Well, you know what they say: better late than never! This is my recap about the topic of nutrition/weight-loss from last week’s running club. I am by no means a doctor or a registered dietician so what I am sharing below is a combination of what I have been reading and what works for me 🙂
Last week we talked about setting goals for running. Upon asking yourself why you run many of you will probably say to lose weight/maintain weight loss. And, it is true: running burns about 100 calories per mile (based on a 150lb person) which makes it a great choice of cardio for weight loss. To lose 1 lb of fat you must burn/cut about 3,500 calories from your diet. This can be done with a combination of exercise and changing your eating. Changing eating habits and losing weight will ultimately help you become a better runner because you will have less weight to carry around and strain your body.
So how do you start eating healthy?
- Keeping a food journal: this blog has been a great way to document most of the food that I eat. I am very honest and will admit when I ate three pieces of pizza or a bag of Doritos. I also have a black journal that I write down what my meals are/will be.
- Planning Meals and Snacks: I try to eat 5 to 6 small meals a day and when I go food shopping on the weekends I make sure that I know what I will be eating for meals and snacks throughout the week. Now this isn’t to say that my plans don’t change, because they do, and being flexible is important because then you don’t set yourself up for failure by thinking that you are “cheating”. Planning also prevents me from the mindless snacking that I do when the hungry horrors hit me mid-afternoon and during certain weeks during the month.
- Start each day with BREAKFAST: Eating breakfast sets the tone for your eating throughout the day. By beginning your day with a meal made of a mixture of protein and a complex carb, you are energizing your metabolism and replenishing your body’s energy levels. Breakfast “skippers” tend to believe that it helps them “save calories” but they are more likely to overeat later in the day because they are more likely to munch on snacks to stave of hunger until lunch.
- Choose foods that are filling. Complex carbohydrates (such as vegetables, brown rice, oatmeal, quinoa) and fruits (which are simple carbs but are important because they contain fiber which slows their digestion) keep you satisfied longer and keep your blood sugar levels stable and eat slowly. It takes 20 minutes to realize when you are full.
- Read food labels.

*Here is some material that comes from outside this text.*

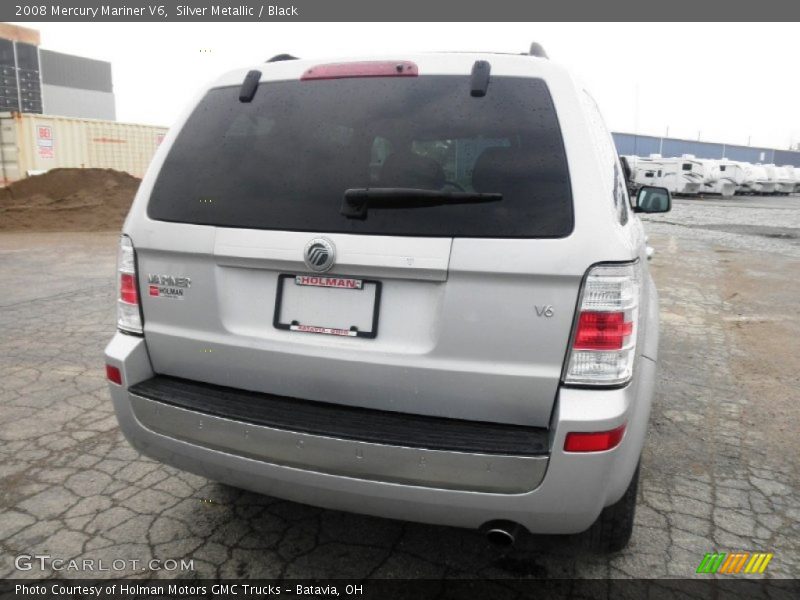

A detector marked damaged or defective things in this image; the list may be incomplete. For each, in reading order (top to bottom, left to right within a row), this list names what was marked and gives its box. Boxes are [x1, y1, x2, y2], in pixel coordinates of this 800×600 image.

cracked asphalt [0, 197, 796, 580]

The shorter the list of ingredients the better! The foods should contain ingredients as close to their natural state and have a minimal amount (if any) of refined sugar.
- Increase your physical activity! The more muscle you have, the faster your metabolism is. The more muscle have, the tighter and more toned your body will become. Muscle takes up less space than fat so you will appear more slender. Remember, no matter how much strength training you do, women can not naturally look like body builders!
- Stay hydrated I am still working on this one! Dehydration leads to less effective work outs (amongst other things). You should drink fluids throughout the day and when exercising, drink to replace sweat.
In terms of running, here are some tips I took away from the articles and discussion last week:
- Hydrate with at least 2 cups of fluid 2-3 hours before training
- Fuel your body with a lean protein/complex carb snack 2 to 3 hours before training.
- Eat within 30 minutes post exercise to boost energy
What is your favorite pre-workout/post-workout snack? Some of my favorites are (in no particular order):
- Larabar (any flavor)
- Cliff Bar (a new fav.)
- Yogurt and fruit
- Kashi bars: chocolate coconut/ pumpkin flaxseed
- Apple with 2 tblsp of peanut butter
- a bowl of Trader Joes’ Twigs and Clusters cereal, yum!